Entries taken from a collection

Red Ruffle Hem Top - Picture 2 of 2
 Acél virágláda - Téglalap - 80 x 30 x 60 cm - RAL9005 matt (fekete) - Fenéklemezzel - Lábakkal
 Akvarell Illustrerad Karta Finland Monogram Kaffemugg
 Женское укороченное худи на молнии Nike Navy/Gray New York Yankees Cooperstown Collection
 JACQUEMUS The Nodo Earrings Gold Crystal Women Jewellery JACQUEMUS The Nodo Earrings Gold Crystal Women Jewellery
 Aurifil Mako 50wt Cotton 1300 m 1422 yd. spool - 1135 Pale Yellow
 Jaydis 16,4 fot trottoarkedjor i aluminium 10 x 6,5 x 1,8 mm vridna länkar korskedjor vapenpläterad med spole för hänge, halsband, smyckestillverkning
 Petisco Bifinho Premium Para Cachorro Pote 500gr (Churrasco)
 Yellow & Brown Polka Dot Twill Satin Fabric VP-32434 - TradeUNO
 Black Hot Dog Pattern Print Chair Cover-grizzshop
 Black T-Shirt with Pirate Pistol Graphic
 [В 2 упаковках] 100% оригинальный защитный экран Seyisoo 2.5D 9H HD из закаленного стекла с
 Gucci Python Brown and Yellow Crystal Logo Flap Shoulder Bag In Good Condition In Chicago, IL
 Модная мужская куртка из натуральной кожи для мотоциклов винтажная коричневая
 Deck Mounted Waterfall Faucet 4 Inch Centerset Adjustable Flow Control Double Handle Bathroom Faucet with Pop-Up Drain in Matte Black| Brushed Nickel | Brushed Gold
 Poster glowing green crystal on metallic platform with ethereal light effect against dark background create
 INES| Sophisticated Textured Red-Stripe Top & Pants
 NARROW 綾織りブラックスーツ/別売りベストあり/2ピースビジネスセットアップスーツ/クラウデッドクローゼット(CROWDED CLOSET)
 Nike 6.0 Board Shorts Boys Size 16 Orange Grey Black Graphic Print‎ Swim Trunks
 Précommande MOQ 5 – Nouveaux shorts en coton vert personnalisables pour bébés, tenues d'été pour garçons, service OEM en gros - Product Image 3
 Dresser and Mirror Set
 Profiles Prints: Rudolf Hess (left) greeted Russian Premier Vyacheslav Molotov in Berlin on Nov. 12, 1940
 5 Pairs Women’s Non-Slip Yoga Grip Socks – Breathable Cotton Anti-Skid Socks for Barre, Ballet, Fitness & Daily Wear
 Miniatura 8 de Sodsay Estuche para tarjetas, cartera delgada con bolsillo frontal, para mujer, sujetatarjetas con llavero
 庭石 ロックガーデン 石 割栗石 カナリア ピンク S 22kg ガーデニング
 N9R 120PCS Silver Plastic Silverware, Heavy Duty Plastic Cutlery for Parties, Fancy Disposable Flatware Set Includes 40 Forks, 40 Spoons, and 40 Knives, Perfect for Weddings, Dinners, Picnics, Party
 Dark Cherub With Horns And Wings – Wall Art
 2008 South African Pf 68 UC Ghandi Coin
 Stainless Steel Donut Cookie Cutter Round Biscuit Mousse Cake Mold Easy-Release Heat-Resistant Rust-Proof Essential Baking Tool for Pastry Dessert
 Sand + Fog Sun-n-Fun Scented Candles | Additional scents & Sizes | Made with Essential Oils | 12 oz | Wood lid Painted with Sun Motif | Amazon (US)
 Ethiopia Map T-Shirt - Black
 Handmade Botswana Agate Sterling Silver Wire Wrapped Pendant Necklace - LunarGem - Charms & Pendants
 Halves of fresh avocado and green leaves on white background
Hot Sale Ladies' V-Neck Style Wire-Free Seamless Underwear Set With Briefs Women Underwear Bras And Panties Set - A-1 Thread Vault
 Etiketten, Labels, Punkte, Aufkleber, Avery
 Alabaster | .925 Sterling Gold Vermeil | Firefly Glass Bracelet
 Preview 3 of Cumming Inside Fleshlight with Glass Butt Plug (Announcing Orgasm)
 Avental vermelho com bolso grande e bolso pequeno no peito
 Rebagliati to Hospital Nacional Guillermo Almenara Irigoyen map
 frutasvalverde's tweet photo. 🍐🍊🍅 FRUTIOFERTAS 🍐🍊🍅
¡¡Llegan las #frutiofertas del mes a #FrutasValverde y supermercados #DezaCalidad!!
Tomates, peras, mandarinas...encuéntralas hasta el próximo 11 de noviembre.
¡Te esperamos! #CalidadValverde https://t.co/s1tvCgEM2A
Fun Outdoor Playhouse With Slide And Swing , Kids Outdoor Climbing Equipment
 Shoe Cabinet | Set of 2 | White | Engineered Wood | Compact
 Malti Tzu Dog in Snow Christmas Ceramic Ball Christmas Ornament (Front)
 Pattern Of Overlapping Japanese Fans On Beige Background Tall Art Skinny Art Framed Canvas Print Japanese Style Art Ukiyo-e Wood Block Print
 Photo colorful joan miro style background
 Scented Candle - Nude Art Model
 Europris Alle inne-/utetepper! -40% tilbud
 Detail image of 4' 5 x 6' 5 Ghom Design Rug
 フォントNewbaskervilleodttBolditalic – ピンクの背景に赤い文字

> _Requirement_
Take the stretch of lines above from the one containing "Profiles Prints: Rudolf" through the one containing "Rebagliati to Hospital" and repeat it exactly, adding no other line.

> _Problem solution_
 Profiles Prints: Rudolf Hess (left) greeted Russian Premier Vyacheslav Molotov in Berlin on Nov. 12, 1940
 5 Pairs Women’s Non-Slip Yoga Grip Socks – Breathable Cotton Anti-Skid Socks for Barre, Ballet, Fitness & Daily Wear
 Miniatura 8 de Sodsay Estuche para tarjetas, cartera delgada con bolsillo frontal, para mujer, sujetatarjetas con llavero
 庭石 ロックガーデン 石 割栗石 カナリア ピンク S 22kg ガーデニング
 N9R 120PCS Silver Plastic Silverware, Heavy Duty Plastic Cutlery for Parties, Fancy Disposable Flatware Set Includes 40 Forks, 40 Spoons, and 40 Knives, Perfect for Weddings, Dinners, Picnics, Party
 Dark Cherub With Horns And Wings – Wall Art
 2008 South African Pf 68 UC Ghandi Coin
 Stainless Steel Donut Cookie Cutter Round Biscuit Mousse Cake Mold Easy-Release Heat-Resistant Rust-Proof Essential Baking Tool for Pastry Dessert
 Sand + Fog Sun-n-Fun Scented Candles | Additional scents & Sizes | Made with Essential Oils | 12 oz | Wood lid Painted with Sun Motif | Amazon (US)
 Ethiopia Map T-Shirt - Black
 Handmade Botswana Agate Sterling Silver Wire Wrapped Pendant Necklace - LunarGem - Charms & Pendants
 Halves of fresh avocado and green leaves on white background
Hot Sale Ladies' V-Neck Style Wire-Free Seamless Underwear Set With Briefs Women Underwear Bras And Panties Set - A-1 Thread Vault
 Etiketten, Labels, Punkte, Aufkleber, Avery
 Alabaster | .925 Sterling Gold Vermeil | Firefly Glass Bracelet
 Preview 3 of Cumming Inside Fleshlight with Glass Butt Plug (Announcing Orgasm)
 Avental vermelho com bolso grande e bolso pequeno no peito
 Rebagliati to Hospital Nacional Guillermo Almenara Irigoyen map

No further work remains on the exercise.